I used to think that I could either have fun with my non-race friends OR be a badass fitness nut but NEVER both. Now I know that I can really enjoy a little of everything in moderation. In 2014, I went to all the parties I really wanted to go to (some of them mine), but I also finished my 7th marathon, saw Seattle for the first time, and logged both half marathon and 15k PRs.
Yes, there are still two MAJes. But I now know that they can not only live happily within the same mind and body, but that the many different facets of myself compliment each other really, really nicely.
After a full year of really being ME and doing it ALL, I've managed my first real reconciliation and I feel more at home within my own skin than I have in my entire life.
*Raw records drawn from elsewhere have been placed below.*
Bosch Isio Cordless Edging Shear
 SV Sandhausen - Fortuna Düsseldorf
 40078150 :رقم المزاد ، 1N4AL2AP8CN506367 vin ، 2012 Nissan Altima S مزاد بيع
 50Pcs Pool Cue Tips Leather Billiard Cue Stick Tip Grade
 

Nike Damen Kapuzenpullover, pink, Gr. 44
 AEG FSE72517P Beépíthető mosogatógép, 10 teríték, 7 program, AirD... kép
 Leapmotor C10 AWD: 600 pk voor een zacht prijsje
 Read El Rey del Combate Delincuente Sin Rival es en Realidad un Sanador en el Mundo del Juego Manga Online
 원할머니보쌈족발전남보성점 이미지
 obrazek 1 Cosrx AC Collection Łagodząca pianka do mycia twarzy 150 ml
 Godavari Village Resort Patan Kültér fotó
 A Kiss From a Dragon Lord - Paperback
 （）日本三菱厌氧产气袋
Of course, I have professional and personal goals (in-field work, lose the few pounds I gained, etc.). I have also already started crossing back over to tri training, since my goal is to have a much shorter "off season" after such a light year. But I decided that 2015 is the year to really turn my focus outward and use some of that balance and positive energy more and more to help others.
Get ready for 2015: The Year of Getting Involved and Giving Back.
To kick off the #getinvolved and #giveback, I'll be helping "coach" some tri newbies in my tri club and I'll be volunteering with the local Coalition for the Homeless. This starts right away next week and the week after. In March, I'll be raising diabetes research and awareness funds again for the ADA, and I may do one more cancer-stomping marathon for the ACS (we'll see.) But I'm really, REALLY excited about the chance to share some of my regained energy and optimism with my community.